次に、帰納法で考える際の注意点を見ていきましょう。まずは、以下の例を見てみましょう。

例3
・日本企業がタイに進出した
・日本企業がコートジボアールに進出した
・日本企業がパラグアイに進出した

この例3において、類似点を見いだすことが可能でしょうか?(ちなみに、コートジボアールはアフリカの国、パラグアイは南米の国です)。地理的にもバラバラのエリアですし、この情報だけからですと、類似点を想像することは難しいと思います。

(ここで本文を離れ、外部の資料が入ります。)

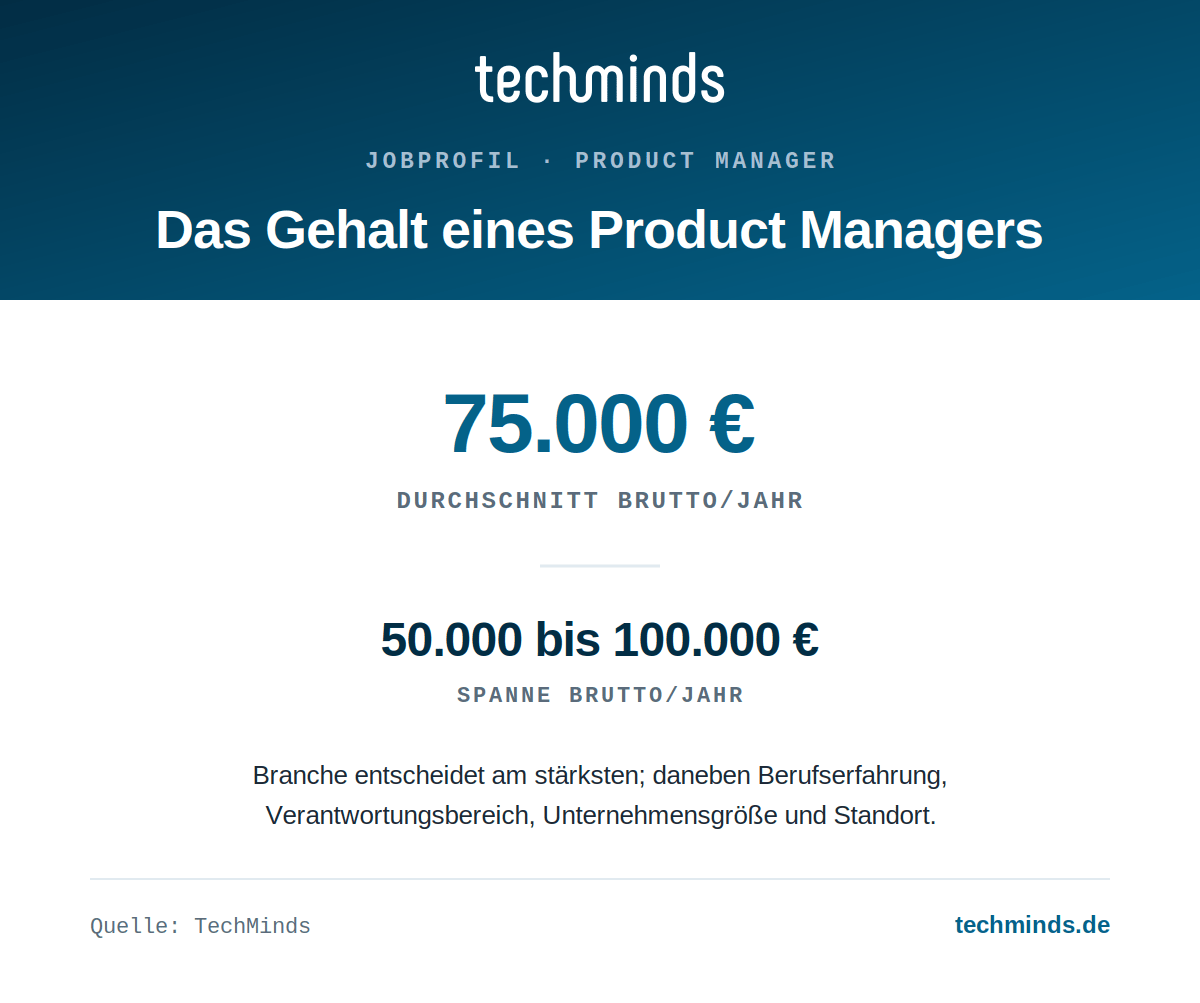 product-manager-gehaltsspanne Product-Manager-Gehalt: durchschnittlich 75.000 Euro brutto im Jahr, Spanne 50.000 bis 100.000 Euro, je nach Branche.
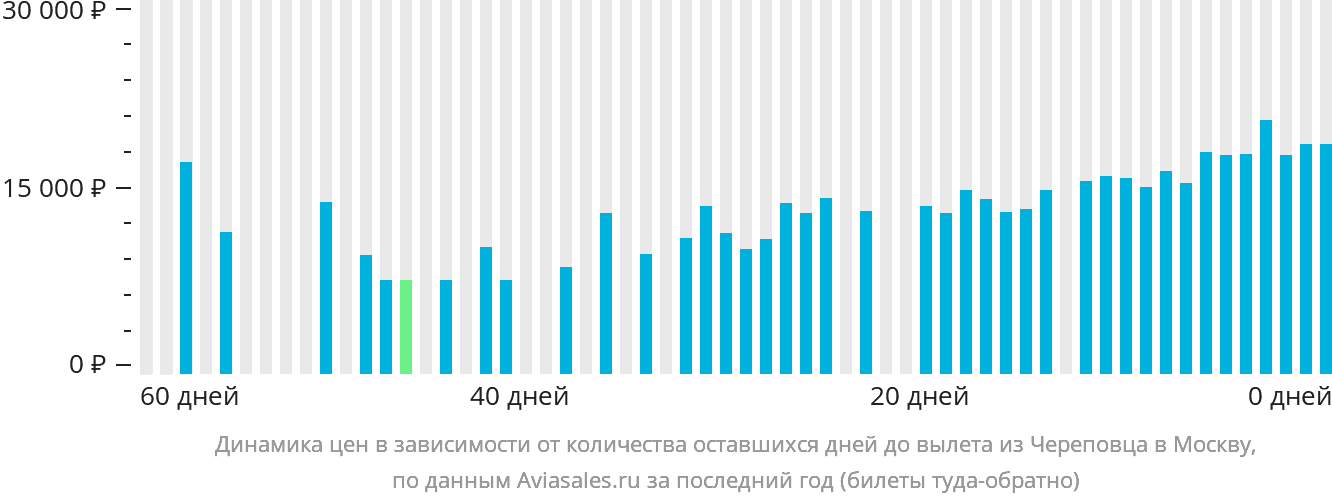 Динамика цен в зависимости от количества оставшихся дней до вылета из Череповца в Москву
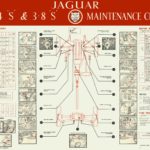 Jaguar S-Type Maintenance chart 1966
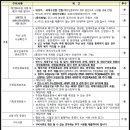 용산-335 이미지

帰納的に考える際には、同じ「主部」または「述部」を持つ論点同士をグループ化することが大前提となります。ただし、グループ化を適用するためにはその上位階層に来る「共通キーワード」を各論点が説明できなければなりません。言い換えれば、ピラミッド思考における縦方向思考=階層の上下関係を想像できない場合、グループ化は出来ないことになります。例3であれば「タイ」「コートジボアール」「パラグアイ」の上位階層に存在する共通キーワードは想像することが難しいですから、これは「帰納的な考え」ではなく、単なる「情報の列挙」と考えた方が良いことになります。

次の例はいかがでしょうか。

例4
・日本企業がタイに進出した
・日本企業がベトナムに進出した
・日本企業がマレーシアに進出した
・日本企業がパラグアイに進出した

この例4においては、「タイ」「ベトナム」「マレーシア」までは「東南アジア」という共通キーワードが適用できそうですが、パラグアイが入ってしまうと、共通キーワードの定義が難しくなります。このように、グループ化を行う際には「不適切要素の見極め」と「必要に応じた除外」を行う必要があります。今回の例であれば、パラグアイは別の論点グループに整理し直す必要があります。

以下の例も見てみましょう。

例5
・日本企業がタイに進出した
 →日本企業が東南アジアに進出した

この例5においては、日本企業がタイに進出したという事実「のみ」が分かっている状態で、日本企業が東南アジアに進出したと論じています。ですが、タイに進出したという事実のみを持って、東南アジアと一足飛びに論じることには無理があります。この例で気をつけなければならないことは「帰納法を使用できるのは、あくまでも論点が『複数』存在する場合のみ」という点になります。帰納法は「共通キーワードによるグループ化」を考える論証法ですから、そもそもグループ化を行う要素が複数存在しない場合は帰納的に考えることが出来ません。従って、確実に示せる内容が一つしか存在しないケースにおいては、演繹法を用いることになります。上記の例であれば、

例5′
・日本企業がタイに進出した → タイは人件費が安い → 東南アジアは人件費が安い → 日本企業は(タイを含む)東南アジアに進出した

例えばこのように、「人件費の安さ」をロジックラインに含めた演繹法を用いることで、結論を示すことが可能となります。

まとめますと、帰納法で考える際には

1. 複数の論点に存在する「類似点」を見い出すこと
2. その類似点に適用可能な「共通キーワード」を考えること

以上の2点に留意することが基本となります。さらに

・類似点や共通キーワードが想定できない場合は、帰納法の適用は出来ない
・グループ内に「不適切要素」がある場合は、除外して考える
・確実に示せる内容が一つしか存在しない場合は、演繹法で考える

これらの注意点を押さえておく必要があります。

実は帰納法については「共通キーワード」を新たに定義する必要があること、言い換えれば「新しい考えを導出する」必要があることから、演繹法よりも高度な思考回路が求められます。ただし、この「共通キーワード=新しい考え」とは「要点」を意味しますので、帰納法を用いた場合には「要点を先に示してから、その詳細を述べる」ことが可能となります。そのため、聞き手側の立場からすると、帰納法の論理展開は演繹法の場合と比較して遙かに理解しやすいものとなります。前回と今回でお話した「演繹法」と「帰納法」の違いを是非理解し、論理的な説明に役立てていただければと思います。